This Is How Wrongheaded Claims Spread in Politics

This Is How Wrongheaded Claims Spread in Politics September 30, 2018

A friend shared a post by someone else claiming that the reason the Republicans are in such a hurry to get Brett Kavanaugh on the court is because they need him to vote to overturn the “separate sovereigns” doctrine that allows states and the federal government to prosecute for the same crime. The claim is that if they overturn this doctrine, it will mean Trump can pardon those around him for state cases as well as federal. Here’s the claim being spread around social media:

On next month’s SCOTUS docket is Gamble vs US. No 17-646. This is what the rush is about. Yes, they want him to overturn Roe, yes they want him to drag us all back, but they need him seated for October to rule on that specific case. At stakes is the “separate sovereigns” exception to double jeopardy. If he (and the other 4 conservative judges) vote to overrule it, people given presidential pardons for federal crimes cannot be tried for that crime at the state level. Bam. Trump can pardon the lot of them and they have nothing to fear from state’s attorneys.

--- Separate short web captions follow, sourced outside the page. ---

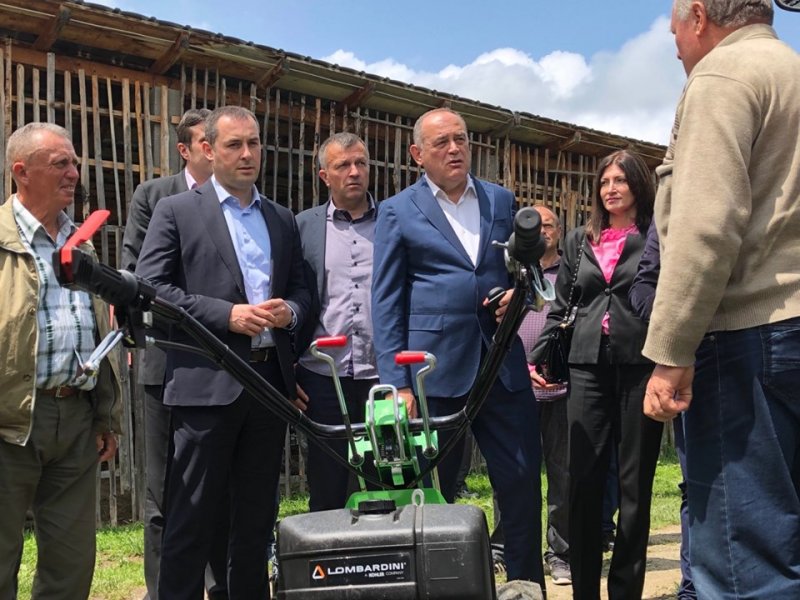 615389954003768038963054838569276451323904n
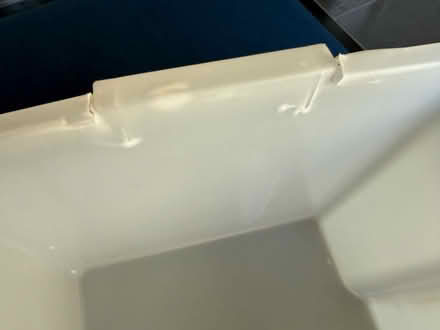 Photo of free 5 plastic storage pots (Welling DA16) #2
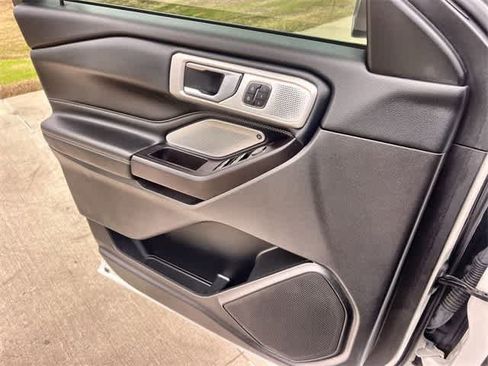 Used 2020 Ford Explorer ST w/ Premium Technology Package image 30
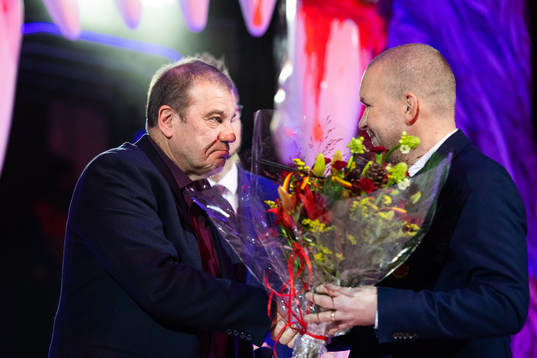 Veli-Matti Ruisma mottar blommor av Luleås general manager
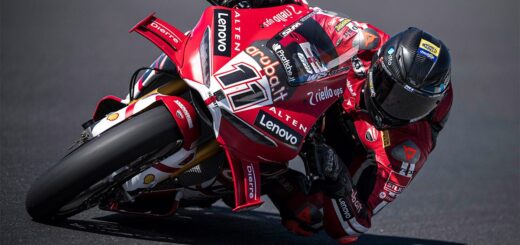El misterio del casco negro de Bulega: el lío legal que también tiene en vilo a Bagnaia y a Ducati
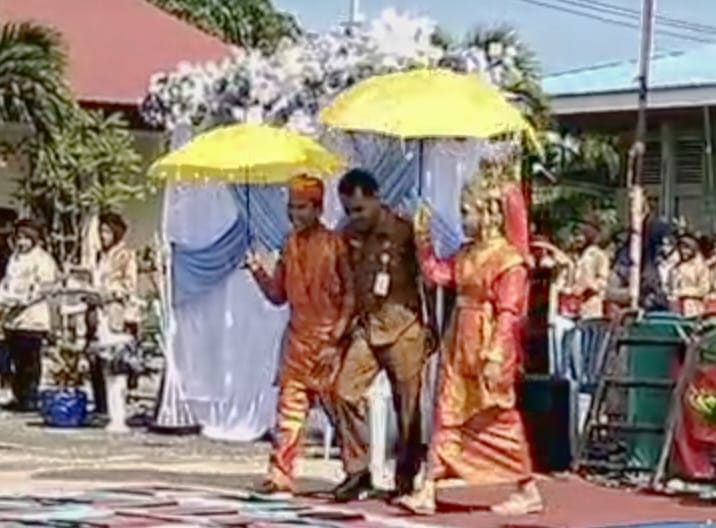 Disambut Bak Seorang Sultan, Korwil Pendidikan Bukit Batu & Banlak Hadiri Perpisahan SMPN 1 Api Api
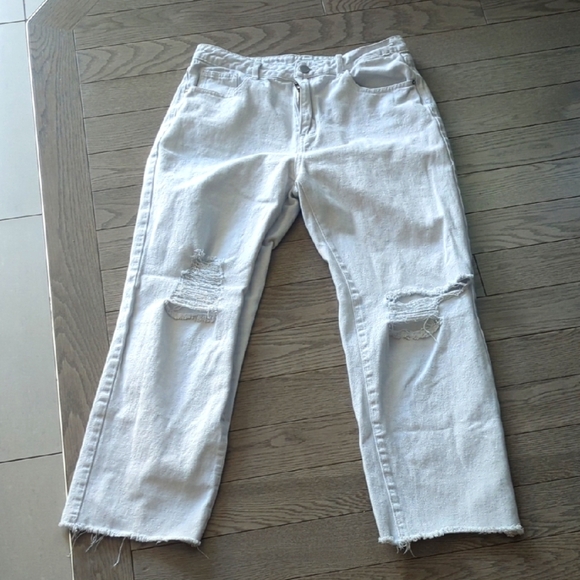 SHEIN Light Gray Distressed Jeans - Size L Great Condition - Picture 1 of 6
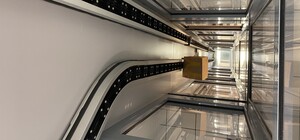 Прикольно: в днепровском Макдональдсе заказы доставляет робот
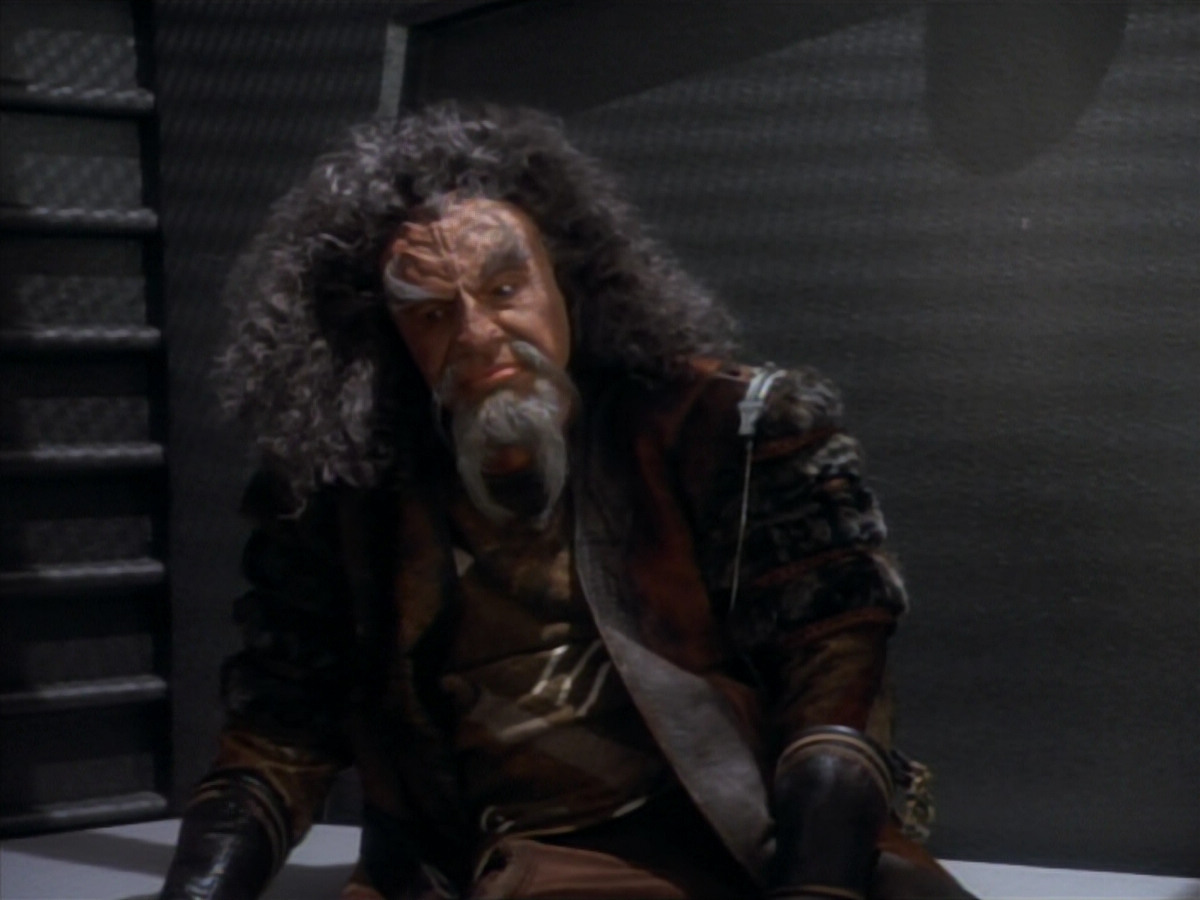 extant_StarTrekDS9_2x19-BloodOath_00327.jpg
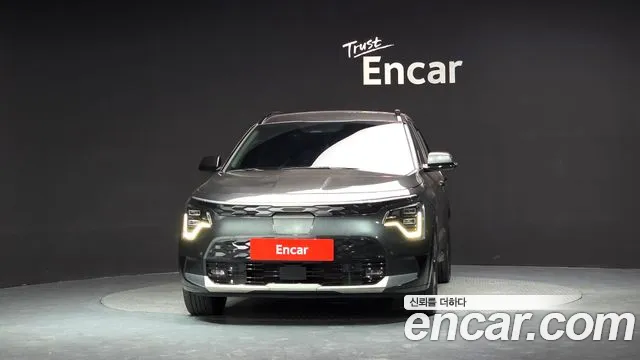 Kia Niro 2023 thumb 3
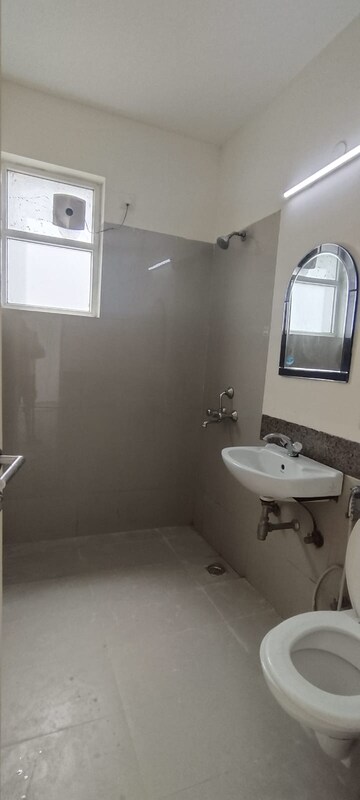 Bathroom in 3.5 BHK Builder Floor at Emaar MGF Emerald Hills, Sector 65 – for Rent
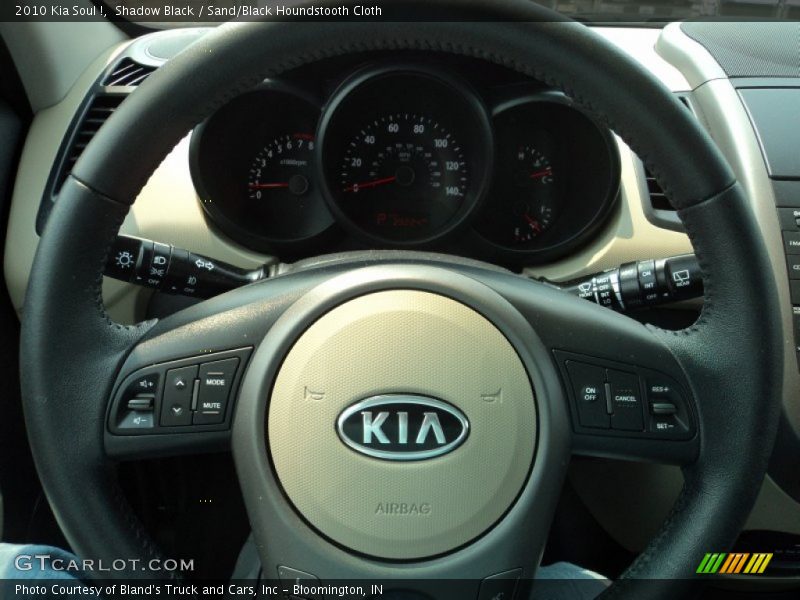 Shadow Black / Sand/Black Houndstooth Cloth 2010 Kia Soul !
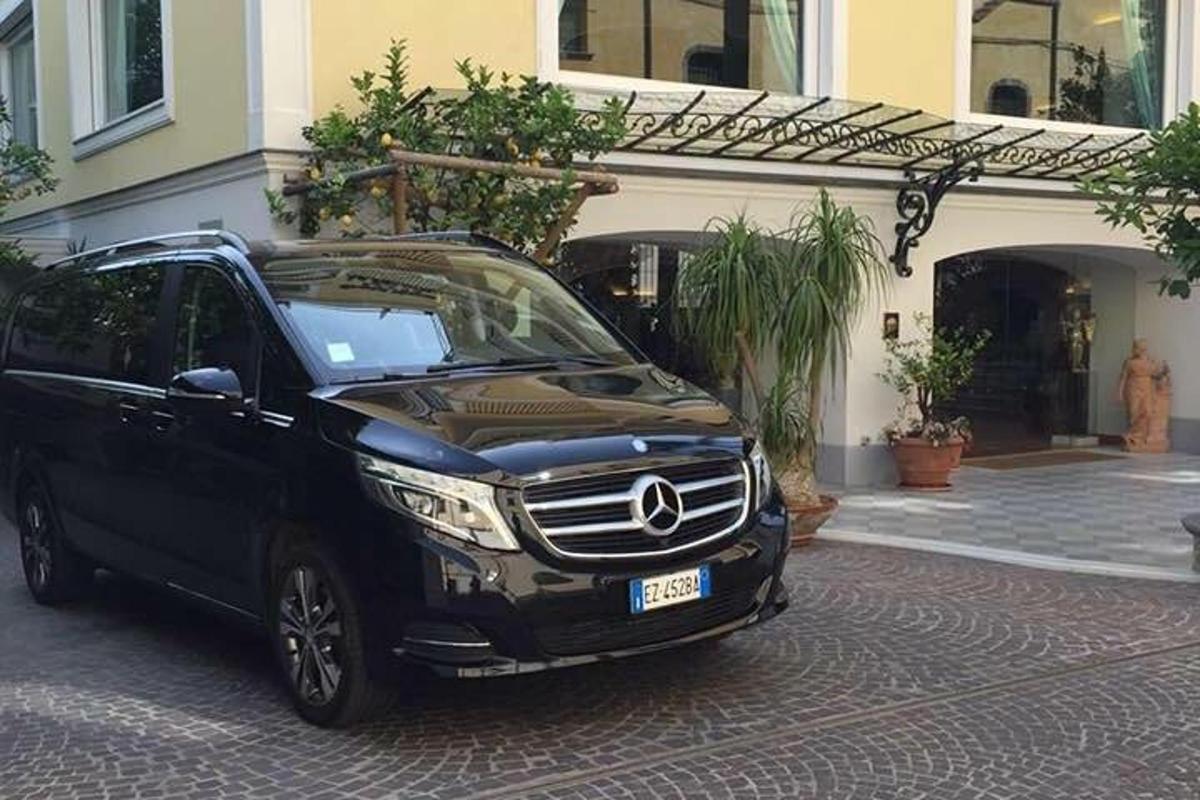 en sort SUV parkeret foran en bygning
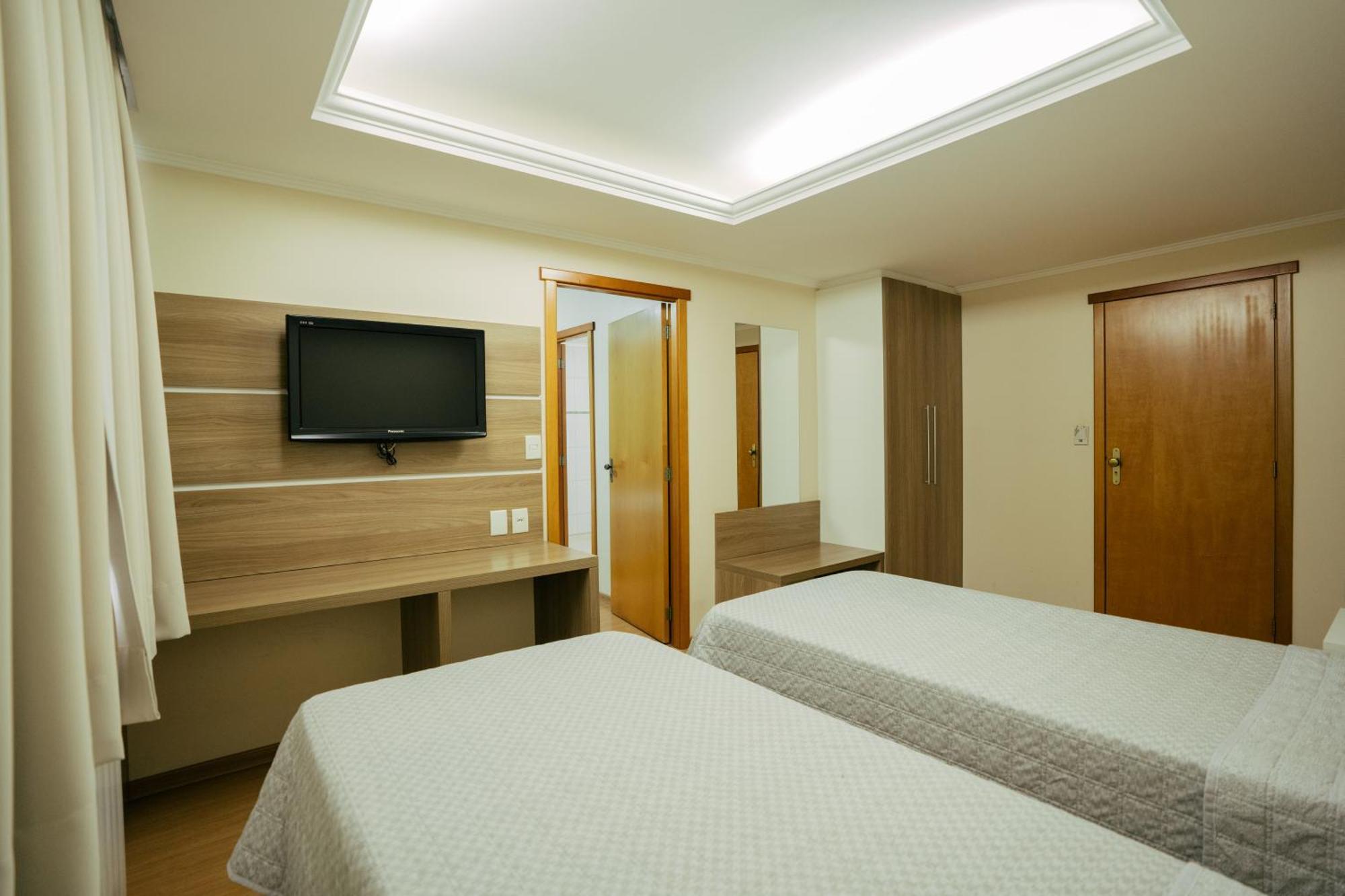 Hotel Prata Villaggio Nova Prata Bagian luar foto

We’re all looking at the shiny coin and not seeing the bigger picture.

This claim is absolutely false, for several reasons. The case involves an Alabama man who was tried twice for illegal possession of a firearm, once at the state level and once at the federal level. He filed suit, claiming that this violates the Double Jeopardy Clause of the 5th Amendment to the Constitution, which reads, “[N]or shall any person be subject for the same offence to be twice put in jeopardy of life or limb…” The Supreme Court has long held that because the federal government and state governments are “separate sovereigns,” they can try someone for the same crime without violating that provision. Gamble wants those precedents overturned.

So the claim is that the Trump administration wants the court to overturn the Separate Sovereigns doctrine so that his pardons will apply to state criminal cases as well as federal ones. But a quick look at the briefs filed in the case show this to be nonsense. First of all, the Trump administration, through the Solicitor General, is taking the exact opposite position. You can read their brief here.

Nor is this a simple matter of left and right. In the most recent precedent upholding the Separate Sovereigns Doctrine, Puerto Rico v Sanchez Valle, Ruth Bader Ginsburg wrote a concurring opinion, joined by Justice Thomas, that said:

I write only to flag a larger question that bears fresh examination in an appropriate case. The double jeopardy proscription is intended to shield individuals from the harassment of multiple prosecutions for the same misconduct. Current “separate sovereigns” doctrine hardly serves that objective. States and Nation are “kindred systems,” yet “parts of ONE WHOLE.” Within that whole is it not “an affront to human dignity,” “inconsistent with the spirit of [our] Bill of Rights,” to try or punish a person twice for the same offense?

So this is not a left or right issue. And frankly, regardless of the outcome of this particular case or how it affects Trump’s pardons, the Separate Sovereigns doctrine should be done away with. The ACLU takes that position, as do many other liberal groups. So let’s not spread this around like it’s true. The reason they want to hurry the Kavanaugh nomination through is because the midterms are coming soon and if the Democrats take control, they will have much more control over Trump’s nominees in general, including for the Supreme Court. There is no deeper conspiracy going on here, certainly not one involving this case.